• _Your assignment_: Only the pictures are dropped. Restate each line below word for word.

• _Information shown_:

"""

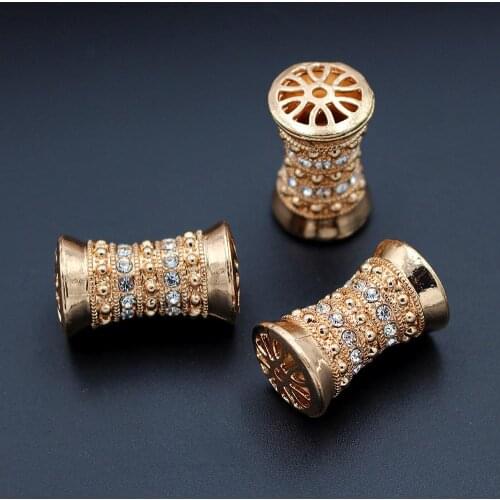 Spacer Beads Hollow Long Beading Connector Rhinestone Crystal Pave Metal Charms DIY for African Earrings Necklace Jewelry Making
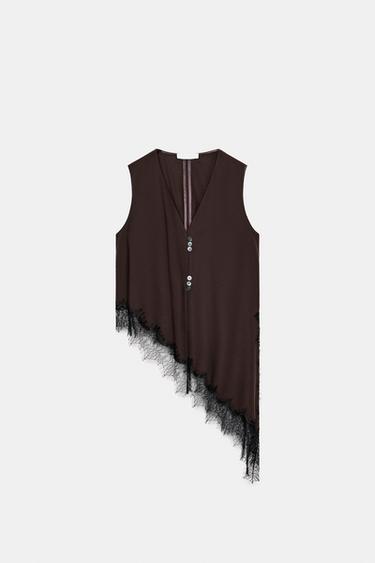 ASYMMETRIC LACE TOP - Brown by Zara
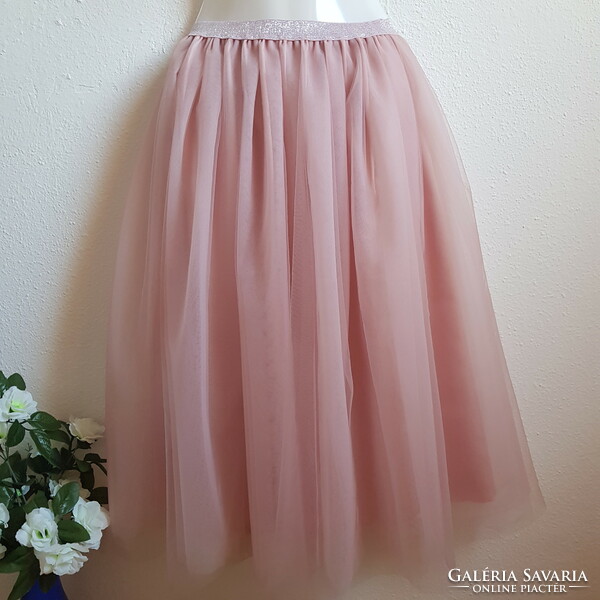 New, custom-made light powder tulle skirt, casual short midi skirt with shiny waist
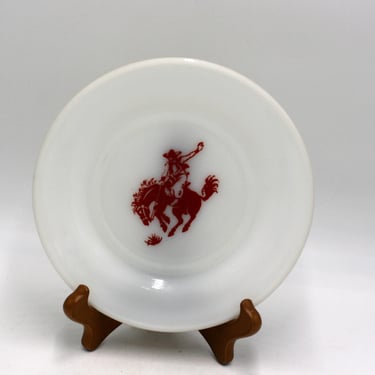 vintage Hazel Atlas Milk Glass Cowboy Plate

"""

• _Solution_:
 Spacer Beads Hollow Long Beading Connector Rhinestone Crystal Pave Metal Charms DIY for African Earrings Necklace Jewelry Making
 ASYMMETRIC LACE TOP - Brown by Zara
 New, custom-made light powder tulle skirt, casual short midi skirt with shiny waist
 vintage Hazel Atlas Milk Glass Cowboy Plate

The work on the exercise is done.